Exercise requirements: Using the material below, work out how many lines contain "Nissan". Only the number is wanted.

Study material:

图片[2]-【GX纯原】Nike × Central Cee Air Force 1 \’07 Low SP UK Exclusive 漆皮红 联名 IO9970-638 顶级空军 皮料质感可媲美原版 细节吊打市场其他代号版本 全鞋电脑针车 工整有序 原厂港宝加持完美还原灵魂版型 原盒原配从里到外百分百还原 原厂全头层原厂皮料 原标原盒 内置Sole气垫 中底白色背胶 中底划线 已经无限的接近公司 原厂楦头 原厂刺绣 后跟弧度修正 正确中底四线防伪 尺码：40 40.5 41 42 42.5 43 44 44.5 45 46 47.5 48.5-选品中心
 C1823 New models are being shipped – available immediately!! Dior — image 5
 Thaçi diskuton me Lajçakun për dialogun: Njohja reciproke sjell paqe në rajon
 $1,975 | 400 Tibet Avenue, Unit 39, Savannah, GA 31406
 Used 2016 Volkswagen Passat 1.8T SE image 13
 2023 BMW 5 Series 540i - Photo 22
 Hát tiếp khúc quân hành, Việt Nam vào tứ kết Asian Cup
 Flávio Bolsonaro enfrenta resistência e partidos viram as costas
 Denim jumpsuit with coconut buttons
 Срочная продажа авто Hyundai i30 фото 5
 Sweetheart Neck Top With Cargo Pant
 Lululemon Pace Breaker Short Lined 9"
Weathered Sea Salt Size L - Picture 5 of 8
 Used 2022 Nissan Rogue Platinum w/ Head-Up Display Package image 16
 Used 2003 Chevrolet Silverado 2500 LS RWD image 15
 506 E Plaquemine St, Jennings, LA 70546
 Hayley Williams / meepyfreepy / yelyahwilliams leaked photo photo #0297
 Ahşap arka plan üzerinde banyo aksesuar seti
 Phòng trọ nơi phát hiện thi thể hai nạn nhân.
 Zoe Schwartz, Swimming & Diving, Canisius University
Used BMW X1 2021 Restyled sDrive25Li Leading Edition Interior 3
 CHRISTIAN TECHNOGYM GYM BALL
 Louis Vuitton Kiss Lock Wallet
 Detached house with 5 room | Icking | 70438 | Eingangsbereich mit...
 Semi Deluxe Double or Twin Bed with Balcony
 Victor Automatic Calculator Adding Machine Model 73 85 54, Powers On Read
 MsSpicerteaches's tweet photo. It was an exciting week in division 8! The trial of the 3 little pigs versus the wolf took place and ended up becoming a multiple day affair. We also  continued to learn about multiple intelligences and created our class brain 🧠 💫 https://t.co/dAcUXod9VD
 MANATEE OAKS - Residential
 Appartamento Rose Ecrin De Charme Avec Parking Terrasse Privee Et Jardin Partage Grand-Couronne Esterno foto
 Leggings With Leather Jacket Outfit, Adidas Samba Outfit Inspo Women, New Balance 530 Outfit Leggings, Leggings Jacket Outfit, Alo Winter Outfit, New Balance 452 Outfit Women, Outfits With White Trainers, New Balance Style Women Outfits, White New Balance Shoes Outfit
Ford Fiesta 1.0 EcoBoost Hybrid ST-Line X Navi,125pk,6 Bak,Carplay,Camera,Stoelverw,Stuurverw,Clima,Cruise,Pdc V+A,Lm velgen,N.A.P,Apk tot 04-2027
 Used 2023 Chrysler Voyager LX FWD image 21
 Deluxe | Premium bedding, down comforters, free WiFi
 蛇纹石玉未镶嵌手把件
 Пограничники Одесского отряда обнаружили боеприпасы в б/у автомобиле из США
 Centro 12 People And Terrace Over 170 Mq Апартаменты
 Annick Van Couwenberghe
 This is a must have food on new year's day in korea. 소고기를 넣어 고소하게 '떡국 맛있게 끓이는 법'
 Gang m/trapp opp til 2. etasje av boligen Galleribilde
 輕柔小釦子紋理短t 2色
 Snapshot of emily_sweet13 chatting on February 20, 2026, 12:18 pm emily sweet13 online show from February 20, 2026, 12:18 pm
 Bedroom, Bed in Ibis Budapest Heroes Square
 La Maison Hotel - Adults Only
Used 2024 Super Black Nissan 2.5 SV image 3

Solved problem: 2